RECORD SET
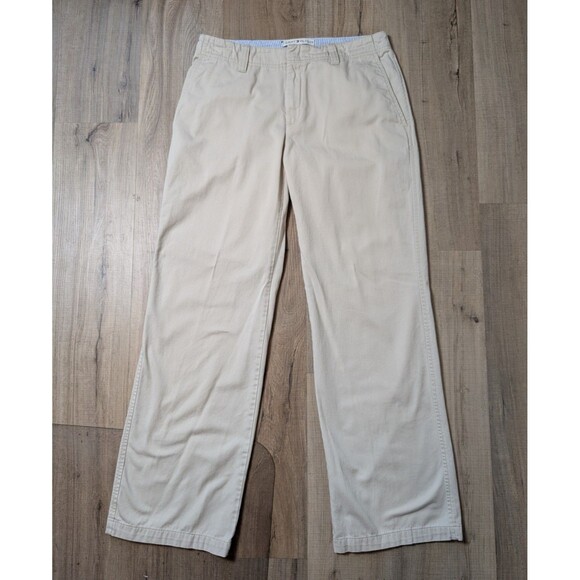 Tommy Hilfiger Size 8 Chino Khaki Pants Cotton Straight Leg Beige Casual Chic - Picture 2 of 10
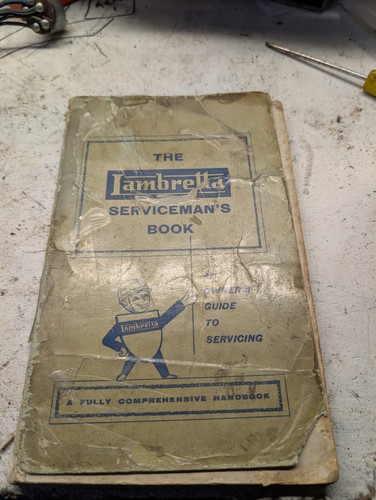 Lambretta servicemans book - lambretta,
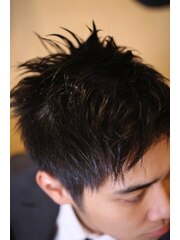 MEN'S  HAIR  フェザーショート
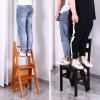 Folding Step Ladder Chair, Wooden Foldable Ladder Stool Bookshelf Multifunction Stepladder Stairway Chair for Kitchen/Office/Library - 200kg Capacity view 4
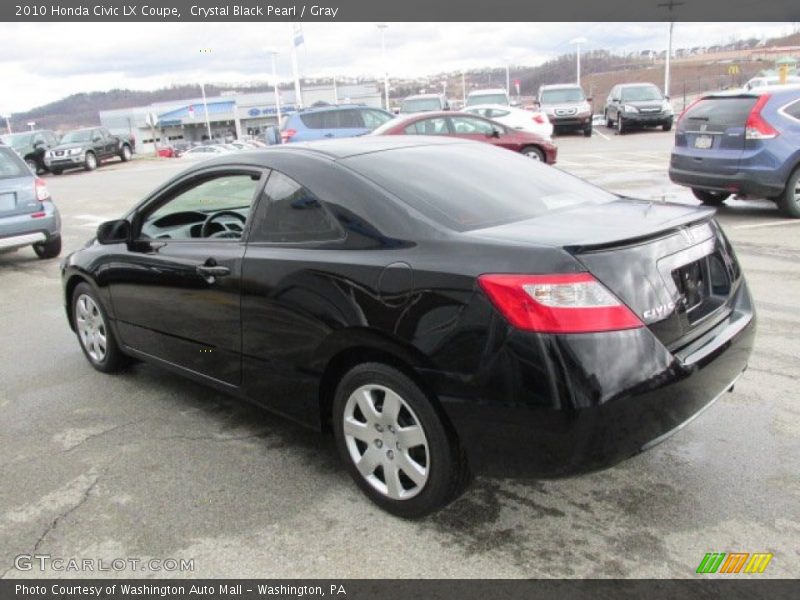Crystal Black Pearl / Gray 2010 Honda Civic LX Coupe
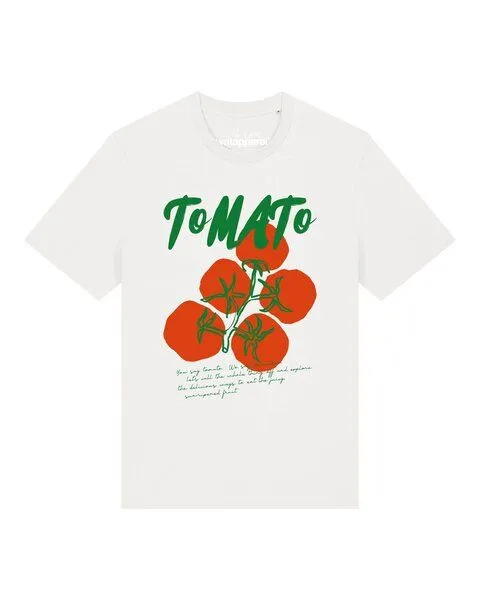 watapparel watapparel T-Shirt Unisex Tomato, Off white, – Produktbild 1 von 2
...
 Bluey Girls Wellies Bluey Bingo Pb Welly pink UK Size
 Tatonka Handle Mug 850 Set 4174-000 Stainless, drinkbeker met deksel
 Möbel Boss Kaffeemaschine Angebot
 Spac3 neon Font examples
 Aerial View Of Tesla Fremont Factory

TRY IT
Starting at the line containing "Tommy Hilfiger Size" and stopping at the line containing "watapparel watapparel T-Shirt", output every line above exactly, both ends included, with pictures omitted.

TASK SOLUTION
 Tommy Hilfiger Size 8 Chino Khaki Pants Cotton Straight Leg Beige Casual Chic - Picture 2 of 10
 Lambretta servicemans book - lambretta,
 MEN'S  HAIR  フェザーショート
 Folding Step Ladder Chair, Wooden Foldable Ladder Stool Bookshelf Multifunction Stepladder Stairway Chair for Kitchen/Office/Library - 200kg Capacity view 4
Crystal Black Pearl / Gray 2010 Honda Civic LX Coupe
 watapparel watapparel T-Shirt Unisex Tomato, Off white, – Produktbild 1 von 2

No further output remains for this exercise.